Engel estuvo en Buenos Aires en febrero del año pasado al frente de otra comitiva de legisladores y se reunió con la Presidente durante una hora y media. Al salir, se instaló tangamente en el café Tortoni, y cual un Kunkel neoyorquino le dijo a la prensa: «Tuvimos una buena conexión, creo que fue por su filosofía y orientación política, creo que tanto ella como yo está comprometida con la justicia social». Mucho más de lo que le reconocen a la Presidente muchos kirchneristas, que dudan de que tenga una filosofía propia o un compromiso fuerte con la justicia social.

¿Cómo no interrumpir las vacaciones de la primera semana y no recibir con todos los honores a este «Angel», de quien se cuenta que una vez echó de su despacho en el Capitolio a un lobbista de los bonistas defaulteados por la Argentina diciendo que él no iba a participar de ninguna estafa?

El gobierno mantiene en secreto esta visita de Engel, lo mismo hacen en estas horas los funcionarios del Departamento de Estado, que le han ofrecido a Buenos Aires esta visita como prenda final de amistad.
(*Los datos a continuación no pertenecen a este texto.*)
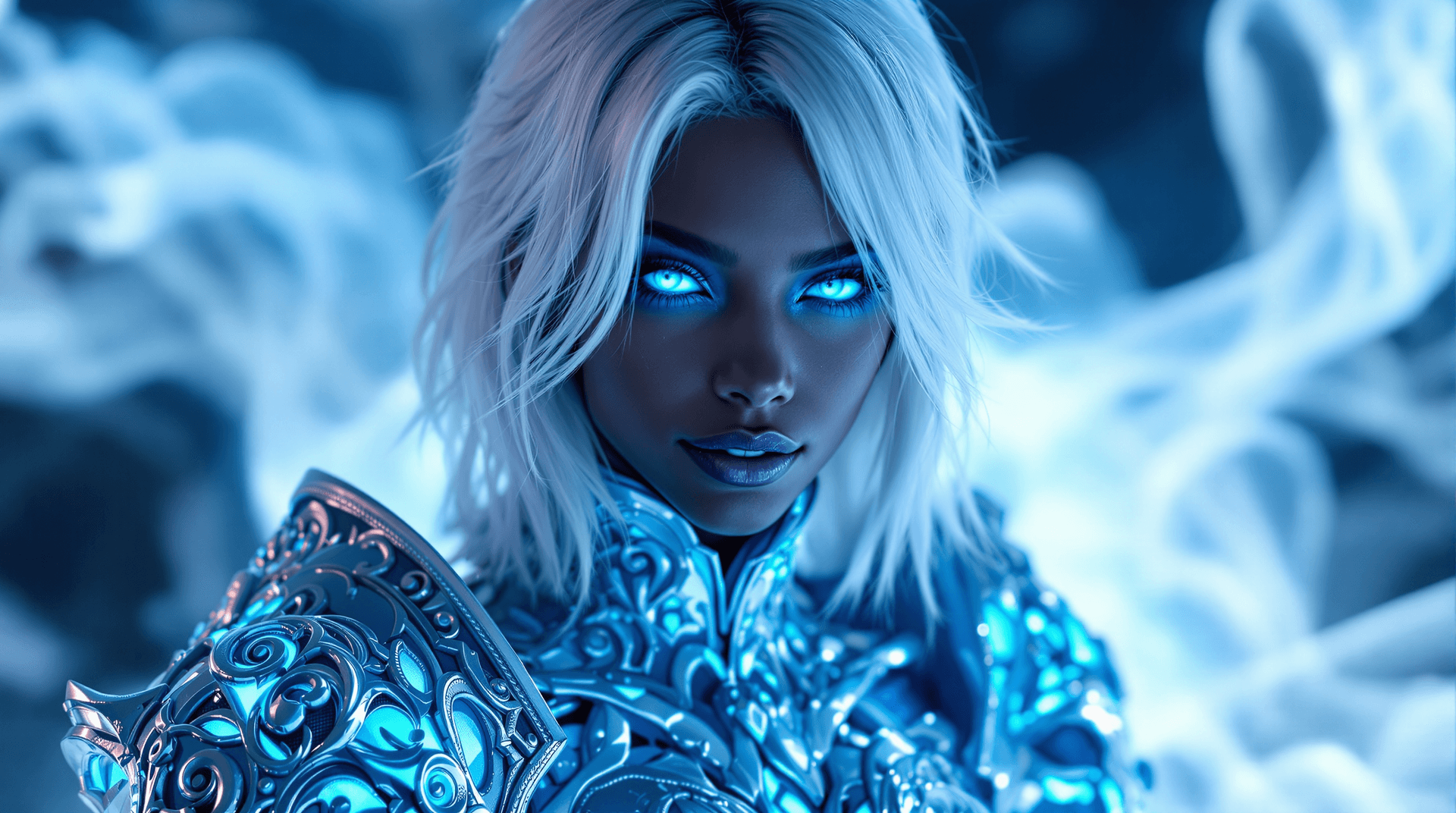 AI generated: Close-up portrait of a young, dark-skinned female figure, with striking, glowing blue eyes and a sub...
Tanto que el grupo de legisladores será acompañado por un funcionario de la oficina de Valenzuela que comprometerá al Poder Ejecutivo en las mejoras que logre en Buenos Aires este americano bueno, que ha hecho fama como un legislador audaz. Tanto que puede comprometer las convicciones chavistas del Gobierno argentino: el visitante es un cruzado anti-Chávez y anti- Irán, y ha dedicado su banca a defender el reconocimiento de Jerusalén como capital de Israel con el mismo énfasis con que duda de la eficacia de los planes de su país para erradicar la droga en México y Colombia.